American civil rights activist

Maria del Rosario "Rosie" Castro (born 1947) is an American civil rights activist and educator from San Antonio, Texas, who has been involved in several prominent groups, such as the Young Democrats of America, the Mexican American Youth Organization, the Committee for Barrio Betterment, and the Raza Unida Party. She is the mother of Democratic politicians Julian and Joaquin Castro.

== Early life and education ==
Born to Victoria Castro and Edward Perez, Rosie was raised by her mother and a guardian, Marcia Garcia, in San Antonio. Growing up in the San Antonio barrio, Castro cited the beginning of her interest in social justice in witnessing the racial and economic boundaries that affected her family, especially her mother.

With a scholarship from her valedictorian title and other financial means, she successfully enrolled at Our Lady of the Lake University, intending to become a teacher, before earning a degree in Spanish in 1971. At OLLU, she joined with the Catholic Youth Association, but took issue with the organization's lack of minority membership.

As an undergraduate, Castro first became involved in student activism through the Young Democrats, and organizing the campus-required Young Republicans chapter in response.

Castro earned a Master of Public Administration from University of Texas at San Antonio

== Career ==
Rosie first worked as a volunteer for Lyndon B. Johnson's 1964 presidential campaign. Later she joined with the Mexican American Unity Council. With MAUC, she participated in and helped to organize the organization’s boycott of the San Antonio Savings Association, a savings and loan operation headed by former San Antonio Mayor Walter McAllister.

Rosie was active during the "Free Angela Davis" campaign of 1971, and during this period she was under observation by the Federal Bureau of Investigation.

Castro worked with the Raza Unida Party's 1970s initiative to field Mexican-American candidates in Texas, serving as the Bexar County party chair. At the time, the RUP worked alongside the San Antonio Committee for Barrio Betterment to pursue positions in the city. With the CBB, Castro herself became a candidate in 1971 for the San Antonio City Council, finishing second in a field of four candidates.

Castro was interim dean of student affairs at Palo Alto College from 2008 until her retirement in 2013.

In March 2023, Castro was appointed to serve as the interim councilperson for City Council District 7 after Councilwoman Ana Sandoval's resignation. Her term ended on June 21, 2023 when Marina Alderete Gavito was sworn in to represent District 7.

== Personal life ==
On September 16, 1974, she gave birth to twin brothers Julián and Joaquin, conceived during her relationship with Jessie Guzman, who was a mathematics teacher and political activist. Never married, the couple separated when the brothers were eight years old.

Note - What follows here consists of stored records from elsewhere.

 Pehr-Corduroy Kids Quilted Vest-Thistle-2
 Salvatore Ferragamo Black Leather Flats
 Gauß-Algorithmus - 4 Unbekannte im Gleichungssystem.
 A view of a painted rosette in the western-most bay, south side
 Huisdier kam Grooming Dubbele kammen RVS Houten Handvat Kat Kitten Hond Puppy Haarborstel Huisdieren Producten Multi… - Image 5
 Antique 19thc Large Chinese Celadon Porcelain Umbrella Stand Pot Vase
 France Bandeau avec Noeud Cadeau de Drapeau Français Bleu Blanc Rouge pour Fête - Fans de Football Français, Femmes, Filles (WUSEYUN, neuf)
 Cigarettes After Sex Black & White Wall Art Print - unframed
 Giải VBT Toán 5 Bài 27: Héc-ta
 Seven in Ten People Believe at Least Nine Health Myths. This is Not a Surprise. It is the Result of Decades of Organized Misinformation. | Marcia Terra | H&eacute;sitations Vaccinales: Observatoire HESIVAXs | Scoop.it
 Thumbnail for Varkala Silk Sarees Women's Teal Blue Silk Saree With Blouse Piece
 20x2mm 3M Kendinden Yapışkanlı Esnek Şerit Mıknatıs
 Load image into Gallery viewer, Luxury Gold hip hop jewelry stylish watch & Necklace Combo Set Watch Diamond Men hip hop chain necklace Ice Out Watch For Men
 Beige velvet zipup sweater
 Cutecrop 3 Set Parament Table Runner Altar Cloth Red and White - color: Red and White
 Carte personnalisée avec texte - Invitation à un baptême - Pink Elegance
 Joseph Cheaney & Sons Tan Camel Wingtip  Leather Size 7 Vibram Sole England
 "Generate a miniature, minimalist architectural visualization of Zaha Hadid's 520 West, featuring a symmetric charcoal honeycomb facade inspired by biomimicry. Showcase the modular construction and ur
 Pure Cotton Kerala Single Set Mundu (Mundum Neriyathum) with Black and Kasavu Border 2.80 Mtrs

Castro continues to be involved in community and national organizations such as Latinas Represent, the Texas Organizing Project, and AARP.

In 2015, she was elected to the San Antonio Women’s Hall of Fame, and in 2017 she was awarded an honorary Ph.D. from Our Lady of the Lake University.

Castro is also a published poet, contributing four pieces to the anthology, Entre Guadalupe y Malinche: Tejanas in Literature and Art, published by the University of Texas Press in 2016.

Both Joaquin Castro and Julian Castro have cited Rosie's activism as the foundation for their political careers. Julian noted in his keynote address that "my mother fought hard for civil rights so that instead of a mop, I could hold this microphone."

In a later interview with Texas Monthly, Julian also noted “Maria del Rosario Castro has never held a political office ... However, today, years later, I read the newspapers, and I see that more Valdezes are sitting on school boards, that a greater number of Garcias are now doctors, lawyers, engineers, and of course, teachers.”